Your assignment: Set the data down again, exactly as it reads, but without the pictures.

Information supplied:
* * * * * * * * *
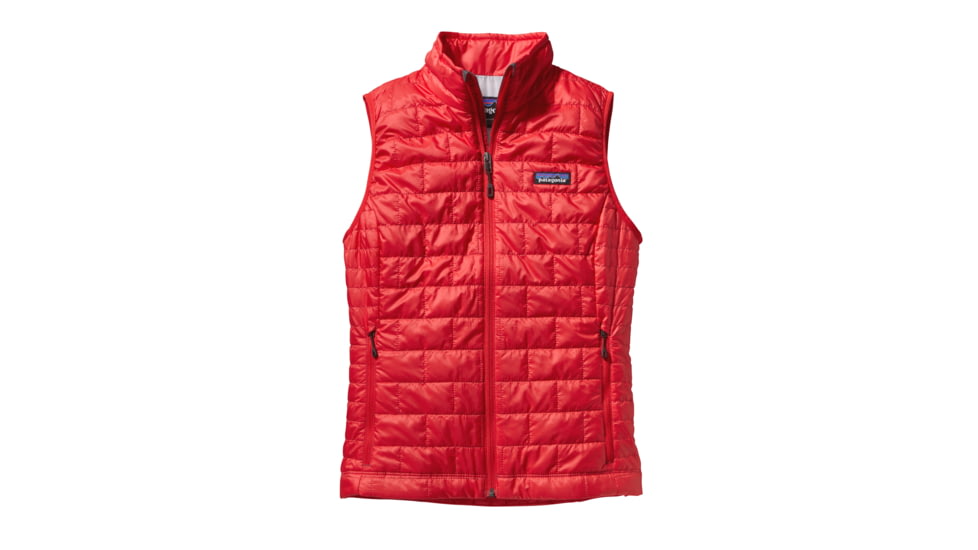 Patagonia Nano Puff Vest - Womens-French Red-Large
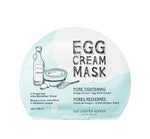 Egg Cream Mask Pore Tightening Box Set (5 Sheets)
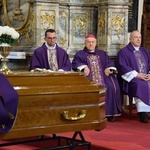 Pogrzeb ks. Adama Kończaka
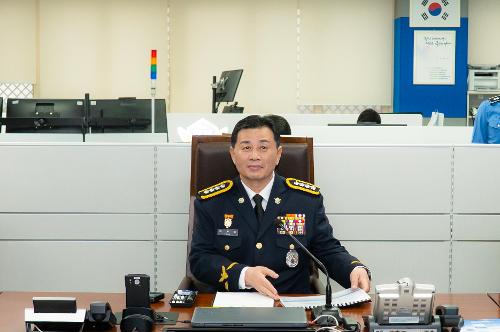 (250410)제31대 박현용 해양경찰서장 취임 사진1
* * * * * * * * *
Solved problem:
 Patagonia Nano Puff Vest - Womens-French Red-Large
 Egg Cream Mask Pore Tightening Box Set (5 Sheets)
 Pogrzeb ks. Adama Kończaka
 (250410)제31대 박현용 해양경찰서장 취임 사진1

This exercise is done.